◆ **Exercise description**: Would you copy only the lines below, from the one containing "Vintage Pappagallo Navy" through the very last one, leaving the pictures out?

[Stored records]
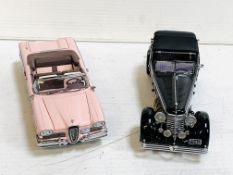 Two Franklin Mint 1:24 scale model cars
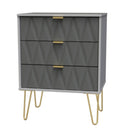 Glitz Ready Assembled Chest of Drawers with 3 Drawers  - Shadow Matt & Grey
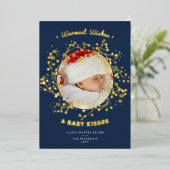 温かい願いとキスのファンシーなベビー発表 箔シーズンカード (立ち正面)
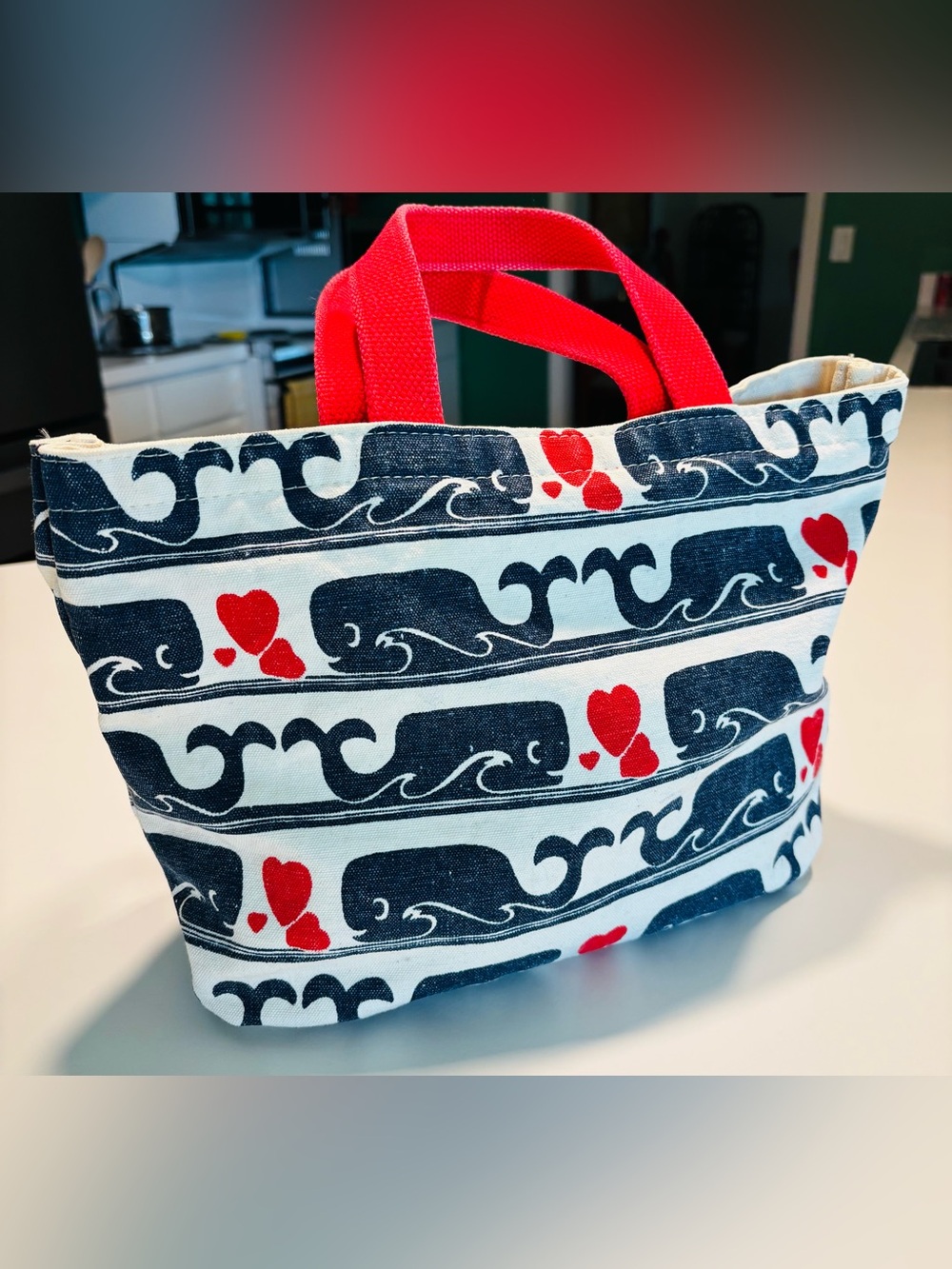 Vintage Pappagallo Navy Whale Print Canvas Tote with Red Handles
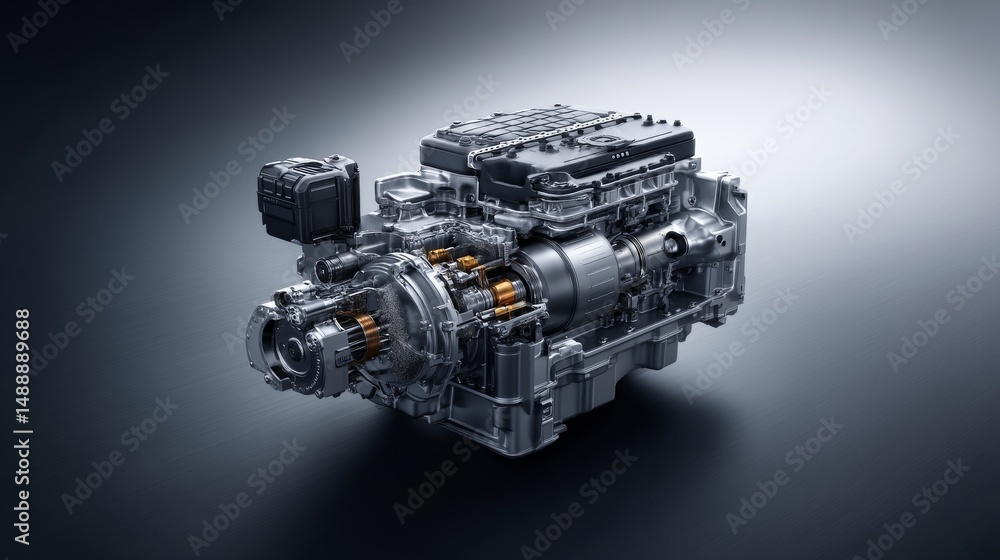 Poster detailed image of a modern engine showcasing advanced mechanical engineering.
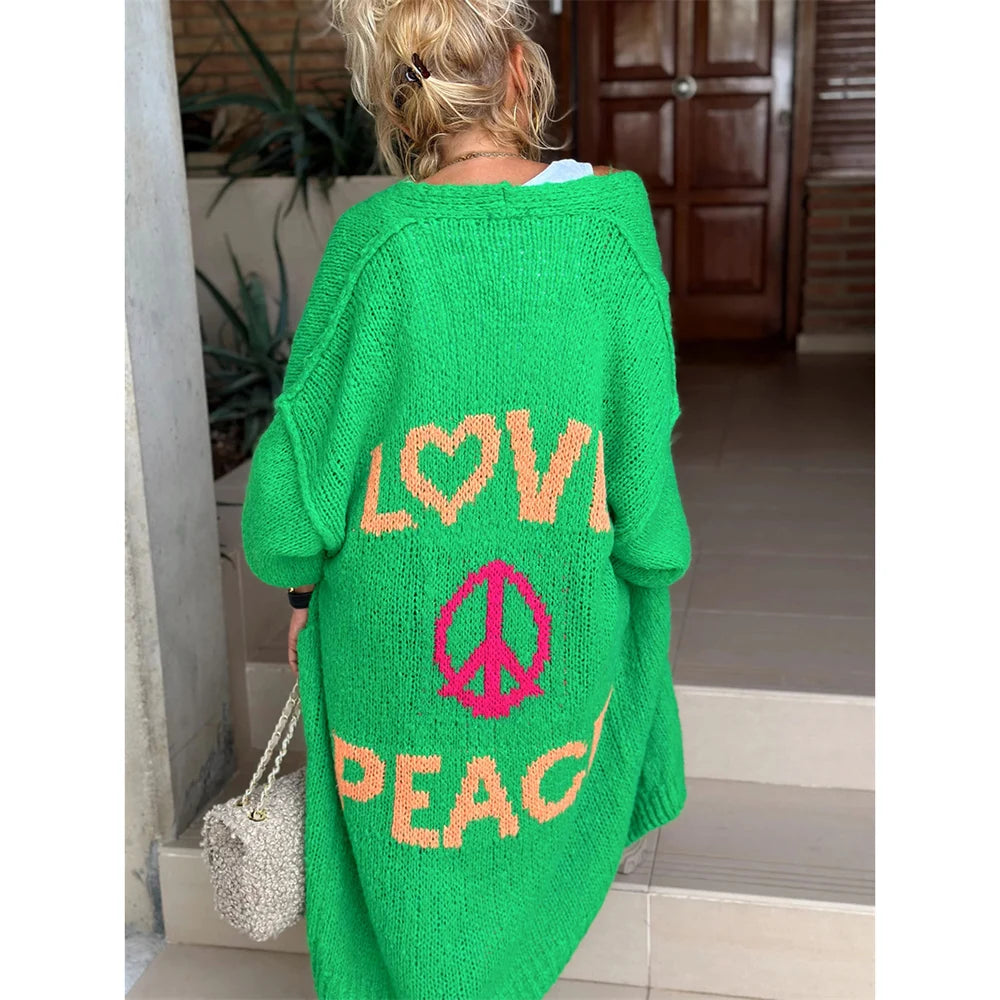 2024 Women’s Knitted Striped Cardigan – Elegant Loose Long Outerwear, Y2K Sweater Coat, Soft Cover-Up for Fashion Streetwear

◆ **Written response**:
 Vintage Pappagallo Navy Whale Print Canvas Tote with Red Handles
 Poster detailed image of a modern engine showcasing advanced mechanical engineering.
 2024 Women’s Knitted Striped Cardigan – Elegant Loose Long Outerwear, Y2K Sweater Coat, Soft Cover-Up for Fashion Streetwear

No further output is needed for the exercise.